┌─ INFORMATION SUPPLIED

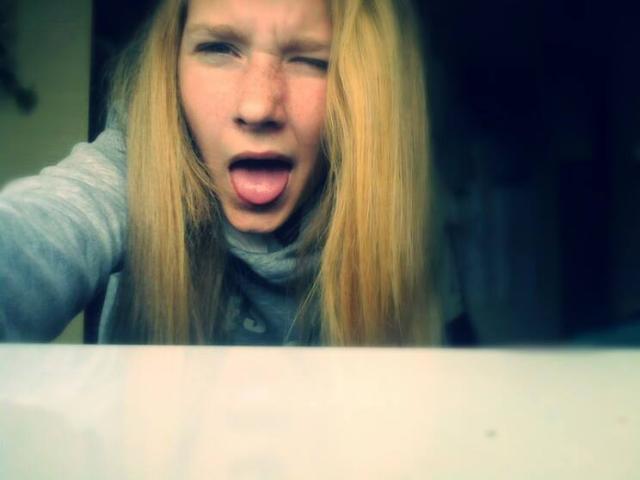 He He xD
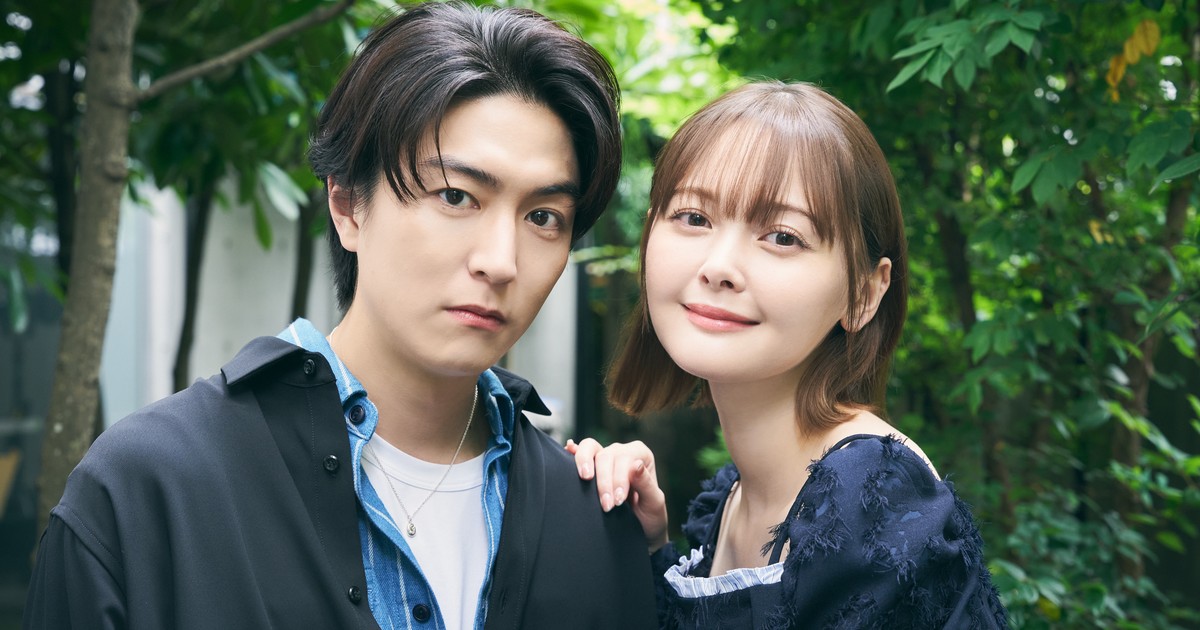 玉城ティナ×稲葉友が語る表現者としての喜び、柔軟性を持った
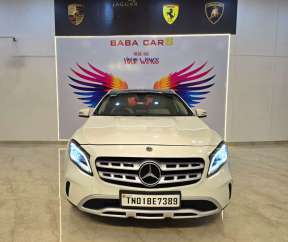 Mercedes Benz GLA 220 d 4MATIC
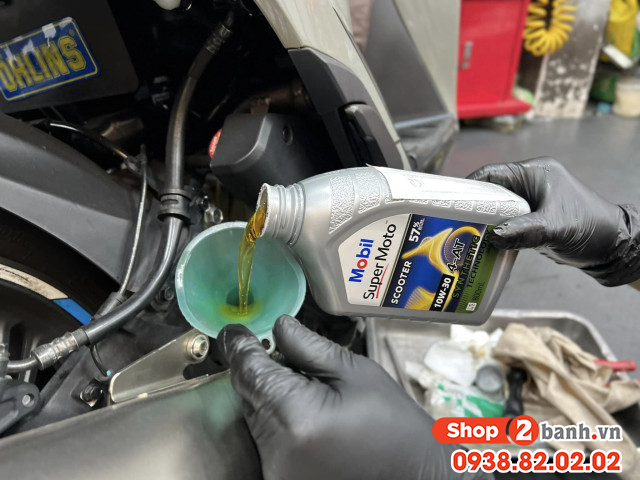 Thay nhớt mobil 1 chính hãng ở cần thơ chỗ nào uy tín chất lượng - 6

└─

ACTIVITY
Restate the data above exactly, stripping out each image.

RESPONSE
 He He xD
 玉城ティナ×稲葉友が語る表現者としての喜び、柔軟性を持った
 Mercedes Benz GLA 220 d 4MATIC
 Thay nhớt mobil 1 chính hãng ở cần thơ chỗ nào uy tín chất lượng - 6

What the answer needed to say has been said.